» PROBLEM DETAILS
Everything in the listing below needs restating exactly, apart from the pictures.

» SOURCE DATA
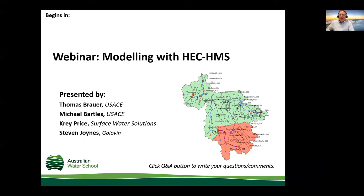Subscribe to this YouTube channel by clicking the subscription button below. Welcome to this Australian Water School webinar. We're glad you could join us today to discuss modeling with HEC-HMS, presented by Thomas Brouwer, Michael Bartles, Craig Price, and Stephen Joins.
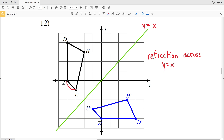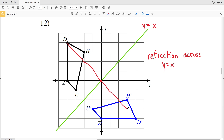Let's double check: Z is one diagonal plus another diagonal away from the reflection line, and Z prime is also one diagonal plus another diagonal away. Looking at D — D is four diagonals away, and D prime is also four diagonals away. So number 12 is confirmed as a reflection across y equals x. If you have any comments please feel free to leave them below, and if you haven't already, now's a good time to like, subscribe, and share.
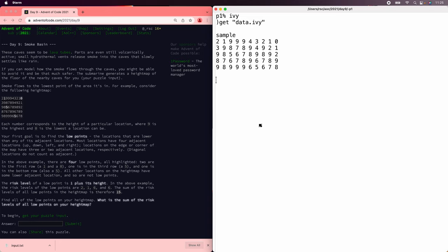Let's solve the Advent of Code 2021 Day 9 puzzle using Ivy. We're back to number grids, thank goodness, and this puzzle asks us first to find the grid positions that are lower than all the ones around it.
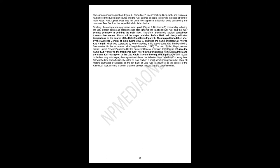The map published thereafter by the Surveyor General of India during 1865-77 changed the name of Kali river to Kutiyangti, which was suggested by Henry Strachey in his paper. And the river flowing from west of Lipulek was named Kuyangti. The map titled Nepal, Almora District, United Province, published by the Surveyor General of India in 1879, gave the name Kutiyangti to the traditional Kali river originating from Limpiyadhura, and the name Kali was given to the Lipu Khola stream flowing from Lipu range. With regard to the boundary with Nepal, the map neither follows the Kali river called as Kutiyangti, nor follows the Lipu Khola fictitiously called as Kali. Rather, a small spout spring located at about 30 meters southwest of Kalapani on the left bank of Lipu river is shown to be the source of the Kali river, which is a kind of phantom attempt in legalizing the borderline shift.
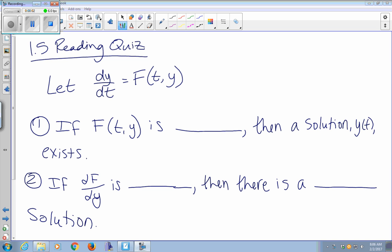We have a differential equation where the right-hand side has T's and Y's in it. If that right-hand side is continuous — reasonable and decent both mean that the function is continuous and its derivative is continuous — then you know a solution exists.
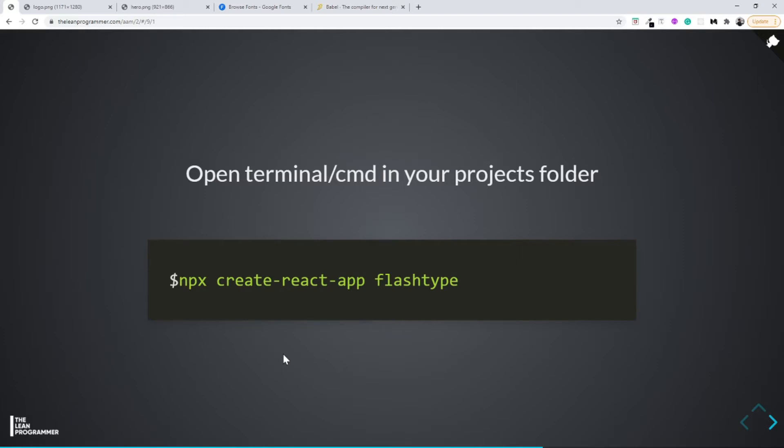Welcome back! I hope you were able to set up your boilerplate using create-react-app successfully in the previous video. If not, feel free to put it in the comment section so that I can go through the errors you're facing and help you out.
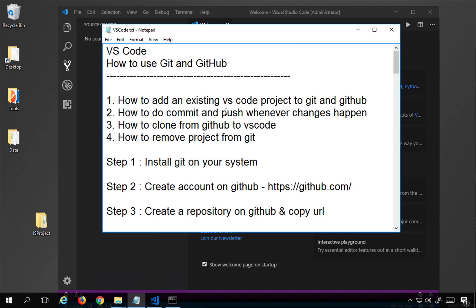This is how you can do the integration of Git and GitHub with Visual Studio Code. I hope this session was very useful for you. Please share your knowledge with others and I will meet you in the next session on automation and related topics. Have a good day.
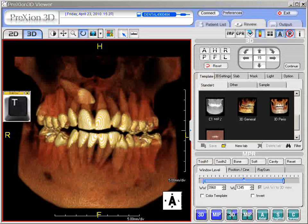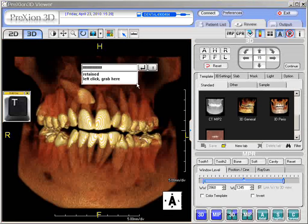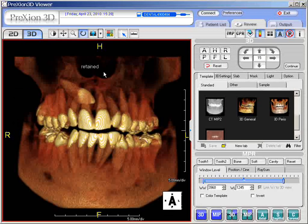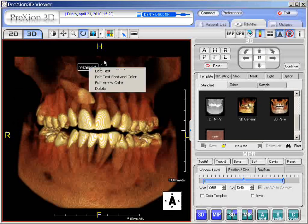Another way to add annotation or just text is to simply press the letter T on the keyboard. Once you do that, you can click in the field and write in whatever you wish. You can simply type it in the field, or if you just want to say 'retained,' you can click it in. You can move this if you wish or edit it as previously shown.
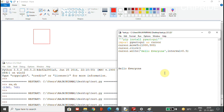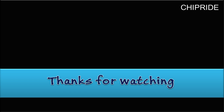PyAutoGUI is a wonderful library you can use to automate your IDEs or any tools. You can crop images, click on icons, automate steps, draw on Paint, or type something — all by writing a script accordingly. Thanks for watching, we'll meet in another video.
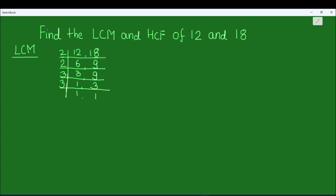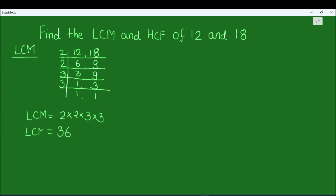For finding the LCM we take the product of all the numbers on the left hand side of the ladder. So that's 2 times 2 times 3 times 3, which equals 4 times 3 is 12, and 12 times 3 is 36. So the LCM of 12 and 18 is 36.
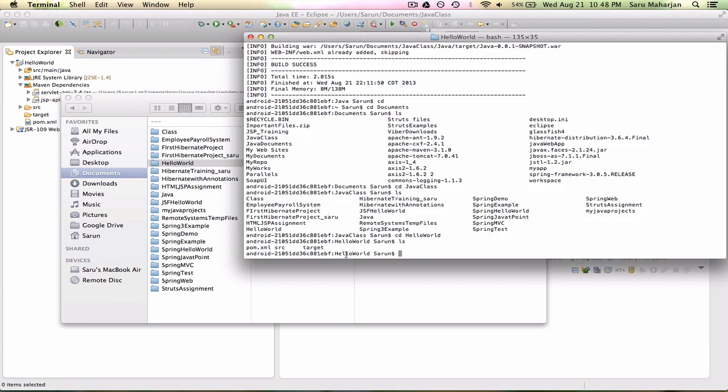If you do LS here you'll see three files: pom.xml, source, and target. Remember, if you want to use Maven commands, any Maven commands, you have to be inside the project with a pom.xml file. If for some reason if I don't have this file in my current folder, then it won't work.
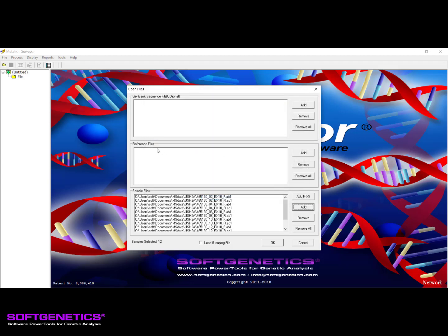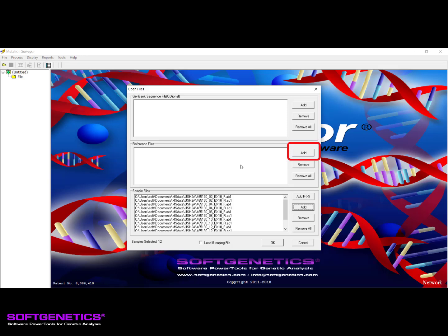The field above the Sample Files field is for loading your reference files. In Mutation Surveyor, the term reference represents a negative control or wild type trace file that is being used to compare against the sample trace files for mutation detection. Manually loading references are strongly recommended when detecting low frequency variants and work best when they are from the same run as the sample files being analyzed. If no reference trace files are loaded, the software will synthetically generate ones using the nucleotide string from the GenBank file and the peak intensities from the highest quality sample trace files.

» SOLUTION
Subscribe to this YouTube channel by clicking the subscription button below. Welcome to this Australian Water School webinar. We're glad you could join us today to discuss modeling with HEC-HMS, presented by Thomas Brouwer, Michael Bartles, Craig Price, and Stephen Joins.
Let's double check: Z is one diagonal plus another diagonal away from the reflection line, and Z prime is also one diagonal plus another diagonal away. Looking at D — D is four diagonals away, and D prime is also four diagonals away. So number 12 is confirmed as a reflection across y equals x. If you have any comments please feel free to leave them below, and if you haven't already, now's a good time to like, subscribe, and share.
Let's solve the Advent of Code 2021 Day 9 puzzle using Ivy. We're back to number grids, thank goodness, and this puzzle asks us first to find the grid positions that are lower than all the ones around it.
The map published thereafter by the Surveyor General of India during 1865-77 changed the name of Kali river to Kutiyangti, which was suggested by Henry Strachey in his paper. And the river flowing from west of Lipulek was named Kuyangti. The map titled Nepal, Almora District, United Province, published by the Surveyor General of India in 1879, gave the name Kutiyangti to the traditional Kali river originating from Limpiyadhura, and the name Kali was given to the Lipu Khola stream flowing from Lipu range. With regard to the boundary with Nepal, the map neither follows the Kali river called as Kutiyangti, nor follows the Lipu Khola fictitiously called as Kali. Rather, a small spout spring located at about 30 meters southwest of Kalapani on the left bank of Lipu river is shown to be the source of the Kali river, which is a kind of phantom attempt in legalizing the borderline shift.
We have a differential equation where the right-hand side has T's and Y's in it. If that right-hand side is continuous — reasonable and decent both mean that the function is continuous and its derivative is continuous — then you know a solution exists.
Welcome back! I hope you were able to set up your boilerplate using create-react-app successfully in the previous video. If not, feel free to put it in the comment section so that I can go through the errors you're facing and help you out.
This is how you can do the integration of Git and GitHub with Visual Studio Code. I hope this session was very useful for you. Please share your knowledge with others and I will meet you in the next session on automation and related topics. Have a good day.
Another way to add annotation or just text is to simply press the letter T on the keyboard. Once you do that, you can click in the field and write in whatever you wish. You can simply type it in the field, or if you just want to say 'retained,' you can click it in. You can move this if you wish or edit it as previously shown.
PyAutoGUI is a wonderful library you can use to automate your IDEs or any tools. You can crop images, click on icons, automate steps, draw on Paint, or type something — all by writing a script accordingly. Thanks for watching, we'll meet in another video.
For finding the LCM we take the product of all the numbers on the left hand side of the ladder. So that's 2 times 2 times 3 times 3, which equals 4 times 3 is 12, and 12 times 3 is 36. So the LCM of 12 and 18 is 36.
If you do LS here you'll see three files: pom.xml, source, and target. Remember, if you want to use Maven commands, any Maven commands, you have to be inside the project with a pom.xml file. If for some reason if I don't have this file in my current folder, then it won't work.
The field above the Sample Files field is for loading your reference files. In Mutation Surveyor, the term reference represents a negative control or wild type trace file that is being used to compare against the sample trace files for mutation detection. Manually loading references are strongly recommended when detecting low frequency variants and work best when they are from the same run as the sample files being analyzed. If no reference trace files are loaded, the software will synthetically generate ones using the nucleotide string from the GenBank file and the peak intensities from the highest quality sample trace files.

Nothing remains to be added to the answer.